Turboprop replica of P-51 Mustang

The Cameron P-51G (originally Cameron Grand 51) is an American two-seat turboprop representation of the 1940s North American P-51 Mustang, designed and built by Cameron & Sons Aircraft of Coeur d'Alene, Idaho for sale as completed aircraft or kits for amateur construction.

==Design and development==
The P-51G is a full-size representation of the second world war Mustang. The design was started in 1988 with a first flight in 1998. It was displayed in public at Oshkosh in July 1998 as the Grand 51 but was subsequently renamed the P-51G.

The P-51G is a low-wing cantilever monoplane with an airframe made from carbon fiber epoxy. Of similar lines to the original Mustang, the prototype was fitted with a 1450 hp Lycoming T53-L-701A turboprop with a three-bladed tractor propeller from an Grumman OV-1D Mohawk. The P-51G has a hydraulically operated retractable conventional landing gear with a retractable tailwheel. The main landing gear utilize components from North American T-6 landing gear. The two-seat cockpit has the pilot and passenger in tandem under a hinged one-piece canopy, the company does have a P-51D-style framed canopy available as an option. The Mustang-style under-fuselage air scoop is a dummy that provides a baggage compartment.

The design blends features of various P-51 models. The fuselage closely resembles the P-51D, but has features from the light weight P-51G model. The wing uses the P-51H model wing and has been shortened to 32 feet. The wet wing design holds 450 gallons of fuel.

The prototype aircraft does not have flaps since the turbine engine propeller has beta control to assist in stopping.

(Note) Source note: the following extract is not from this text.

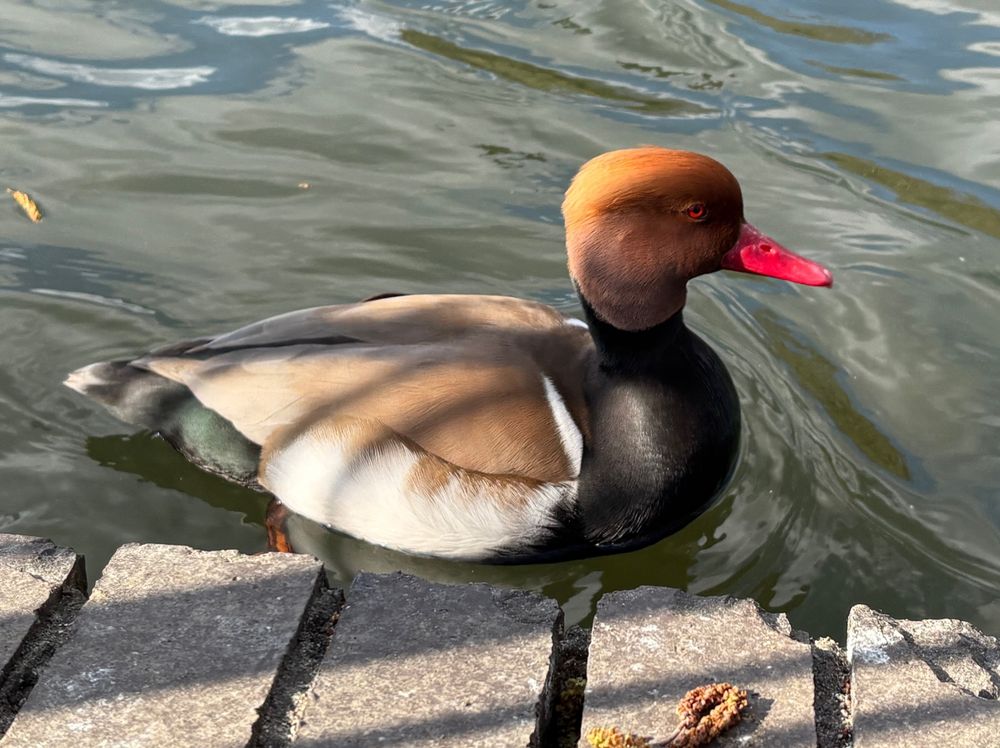red crested pochard looking fly as hell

A production agreement to assemble complete aircraft was made in 1996 with Exclusive Aviation located in Fargo, North Dakota to build two aircraft. Cameron supplied an engine and parts for the two aircraft. SPW Associates entered into a loan agreement with Exclusive Aviation in 1997. In 1998 Exclusive Aviation had defaulted on this loan. On August 18, 1998, a “Transfer of Collateral Upon Peaceable Foreclosure and Renunciation” granting possession of
the completed first airplane to SPW was signed. In May 1999, Cameron filed a lien against the airplane with the FAA. The ownership of the sole aircraft has been in litigation from the 2002 until 2006 when the North Dakota Supreme Court ruled that the aircraft belonged to SPW Associates. After the North Dakota Supreme Court judgement, the aircraft was put for sale.